- _What you have to do_:
Search the records below for the line containing "photo of beach". Write out that line and every line after it exactly as written.

- _Working data_:
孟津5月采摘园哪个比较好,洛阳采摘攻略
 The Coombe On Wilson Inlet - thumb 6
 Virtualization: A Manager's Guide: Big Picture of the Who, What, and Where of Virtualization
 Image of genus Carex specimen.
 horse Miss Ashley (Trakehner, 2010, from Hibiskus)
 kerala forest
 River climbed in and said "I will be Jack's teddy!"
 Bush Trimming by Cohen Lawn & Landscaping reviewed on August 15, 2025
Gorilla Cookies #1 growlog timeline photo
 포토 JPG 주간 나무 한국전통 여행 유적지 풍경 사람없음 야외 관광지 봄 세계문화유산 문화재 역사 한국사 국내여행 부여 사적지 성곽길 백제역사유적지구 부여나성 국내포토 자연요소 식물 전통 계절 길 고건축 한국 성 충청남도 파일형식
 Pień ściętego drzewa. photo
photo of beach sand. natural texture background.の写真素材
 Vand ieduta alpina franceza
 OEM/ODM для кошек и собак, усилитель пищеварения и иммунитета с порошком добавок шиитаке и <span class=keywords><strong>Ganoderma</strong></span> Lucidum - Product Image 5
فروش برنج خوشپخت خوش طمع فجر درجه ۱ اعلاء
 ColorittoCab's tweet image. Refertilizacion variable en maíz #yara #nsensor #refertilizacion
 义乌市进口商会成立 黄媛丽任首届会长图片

- _Exercise solution_:
photo of beach sand. natural texture background.の写真素材
 Vand ieduta alpina franceza
 OEM/ODM для кошек и собак, усилитель пищеварения и иммунитета с порошком добавок шиитаке и <span class=keywords><strong>Ganoderma</strong></span> Lucidum - Product Image 5
فروش برنج خوشپخت خوش طمع فجر درجه ۱ اعلاء
 ColorittoCab's tweet image. Refertilizacion variable en maíz #yara #nsensor #refertilizacion
 义乌市进口商会成立 黄媛丽任首届会长图片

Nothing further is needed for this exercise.